It is the Yoon Suk Yeol administration's first known investigation of a spy ring acting for Pyongyang.

The authorities are also said to have captured indications of similar underground organizations in three other cities -- Changwon and Jinju in South Gyeongsang Province and Jeonju in North Jeolla Province. They assume there are more underground groups.

The National Intelligence Service and the police have tracked the Jeju spy ring for more than five years. The authorities raided the party and a farmers group in Jeju on two occasions late last year.

According to the search warrants that media revealed, the party officer met secretly a North Korean agent at Angkor Wat, Cambodia, in July 2017, received education in a Cambodian hideout for three days about how to form an underground group and transmit and decipher coded messages. Back in Jeju, the party officer won over two persons -- a senior member of a labor group and a farmer-activist -- and formed an underground group.
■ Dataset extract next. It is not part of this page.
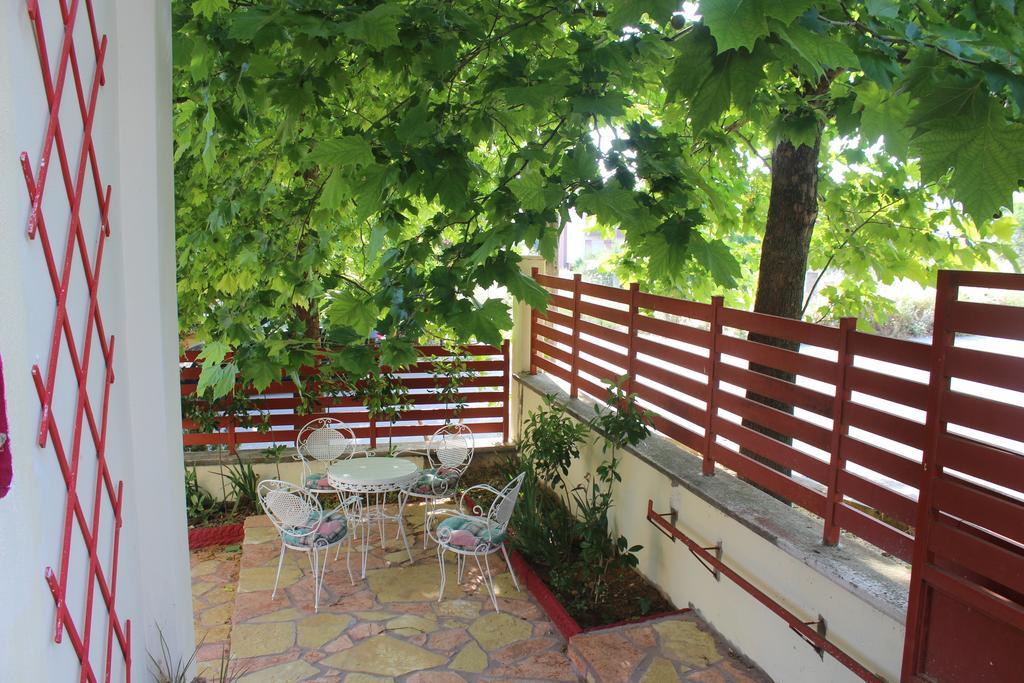 K&v Apartment Nea Michaniona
The warrants say they received instructions from North Korea until November last year to condemn President Yoon, struggle against conservative politicians, demand the suspension of US-Korea combined military exercises, and oppose the introduction of advanced US weapons to South Korea. They reported to Pyongyang that they had actually carried out some of the instructions.

This case is similar in method of operation to that of the North Chungcheong Comrade Party for Independent Unification uncovered in August 2021. At that time, the authorities arrested three "comrades." They contacted North Korean agents abroad, formed an underground organization in Cheongju, North Chungcheong, and instigated anti-US protests. They received directives from and made reports to North Korea in encrypted files.

What has been exposed so far may be the tip of an iceberg. The Moon Jae-in administration obsessed with making a show of peace with North Korea effectively sat on its hands in hunting down people spying for the North.

According to data compiled by the Korea Institute of Liberal Democracy, a total of 26 espionage cases were uncovered for six years from 2011 to 2017 -- about four cases a year on average, but the number dropped to three for three years from 2017 to 2020, a period when Moon was the president. Even the investigations of the three cases are said to have begun in the days of Moon's predecessor, President Park Geun-hye.

A former North Korean senior colonel who spent 30 years working his way to the top ranks of the North's spy agencies before defecting to South Korea claimed in an interview with the BBC in 2021 that North Korean operatives were playing an active role in various civil society organizations as well as important institutions in South Korea. He said that a North Korean agent was dispatched and worked at the presidential office in South Korea for five to six years and returned to North Korea in the early 1990s.

The late Hwang Jang-yop, a key architect of North Korea's juche (self-reliance) ideology who defected to South Korea in 1997, once estimated about 50,000 resident agents were secretly acting for Pyongyang in South Korea.

It would be reasonable to suspect that North Korea's spy agencies are not sitting back but maneuvering actively behind the scenes.

Under the pretext of reforming the National Intelligence Service, the Moon administration drafted a bill to transfer the service's right to chase and investigate spies acting for North Korea to the police, and the bill passed the National Assembly in December 2020.

It takes specialized investigation know-how to uncover spies and gather evidence. Counterespionage investigations often require the help of overseas intelligence networks. It differs from criminal investigations by the police. There are concerns that the government's ability to hunt down spies will weaken if the anti-communism investigation authority is handed over to the police from Jan. 1 next year. It is difficult to expect an adequate level of investigation from the inexperienced police. This must be rectified immediately.